Nintendo Returns to a Horror Series That’s Been Dormant for 35 Years
Put on a happy face.
Last week, a mysterious trailer for a Nintendo game threw the internet into speculation mode with its cryptic vibes and lack of any concrete details. A man with a bag on his head and the word “emio,” which translates to “smiling man” spelled out in kanji were the only clues it offered. It wasn’t even clear that the word, Emio, was the name of the game. Now, we know exactly what it was hinting at, as Nintendo has revealed Emio — The Smiling Man: Famicom Detective Club, coming to the Switch next month.
Revealed in a new, far more informative, trailer, Emio is the first entry in the Famicom Detective Club series to be released in 30 years. The series saw two games released only for the Famicom Disk System in Japan in the late ‘80s, both of which were remade for the Switch in 2021. But Emio is a totally original game, the first in the series to launch on the Switch. Like the existing games in the series, Emio is a murder mystery visual novel where players take on the role of the members of the Utsugi Detective Club to solve a crime spree.
“Emio — The Smiling Man is the culmination of everything my most trusted colleagues and I have learned and the ideas we’ve accumulated from working on the previous games and their remakes,” Yoshio Sakamoto, the game’s producer and writer, says in the new trailer. “I’m confident in saying that this is the Famicom Detective Club series at its best.”

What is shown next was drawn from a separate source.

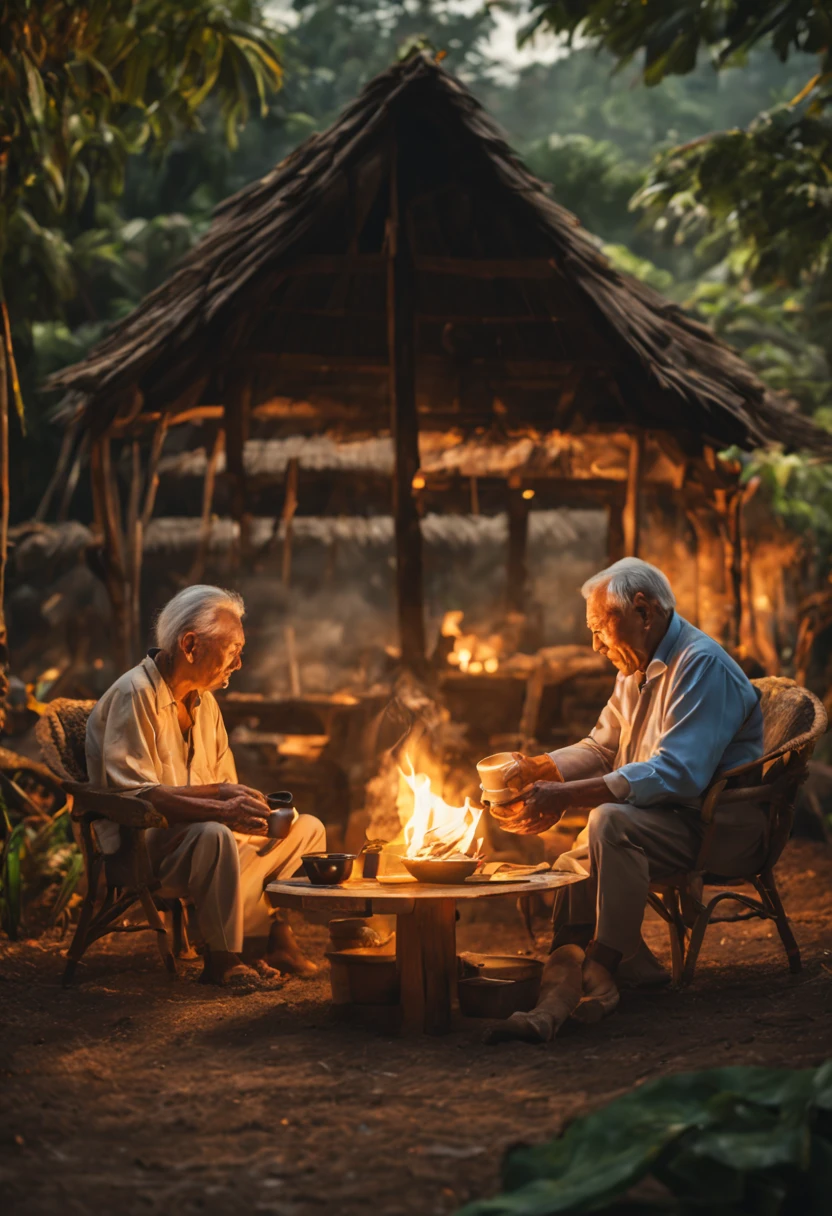 Make a fire and boil water with a kettle. Two elderly people sitting and sipping coffee on Louie chairs.(luxurious)In front of the hut, the atmosphere in the banana orchard at 5:00 a.m.:00 hrs.. Clear color images, realistic 3D images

Emio centers on an urban legend about a figure called The Smiling Man. In the urban legend — made up for the game — The Smiling Man shows up before crying girls and gives them a paper bag mask with a smiling face on it before executing them. When real people start turning up dead with the same paper bag mask, the Utsugi Detective Agency starts investigating.
Diving into ghost stories and urban legends is familiar ground for the series. Both previous Famicom Detective Club games, The Missing Heir and The Girl Who Stands Behind, mix more down-to-earth crime stories with supernatural occurrences. Still, it sounds like Nintendo is aiming to take more risks with Emio than it did with the earlier games in the series.

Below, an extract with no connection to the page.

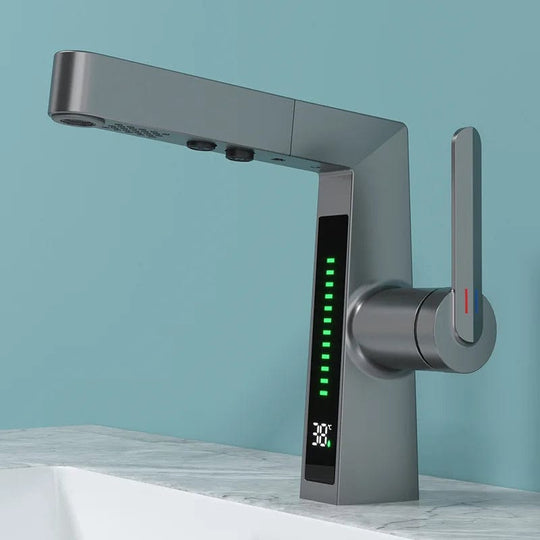 Upgrade Your Space: Single Handle Pull Out Faucet with Digital Display for Style and Convenience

“The story’s ending may be divisive for some people,” Sakamato says. “I hope it will make players curious about experiencing it for themselves, and bring people from around the world together to discuss their thoughts and feelings on it for a long time to come.”
According to Sakamoto, the idea to bring a brand-new Famicom Detective Club entry to the Switch came after Nintendo remade the series’ original games. The game’s listing on Nintendo’s website reveals that the main character of the story is a new assistant private investigator, but The Missing Heir’s protagonist, Ayumi Tachibana, will also return as a playable character.
The 2021 Famicom Detective Club remakes were mostly well-received, though they did get some criticism for their old-school gameplay. The actual investigation system wasn’t changed much from the original releases, and reviewers said that the gameplay really showed its ago. On the other hand, the remakes’ art and writing got nearly universal praise. That could be a good sign for Emio, given that it sports the same art style as the recent remakes, along with Sakamoto as its writer. Nintendo hasn’t shown off gameplay in any detail, so the process of solving a mystery could be getting the overhaul it needs this time around.
We don’t have long to wait before Nintendo’s first horror project in ages sees the light of day.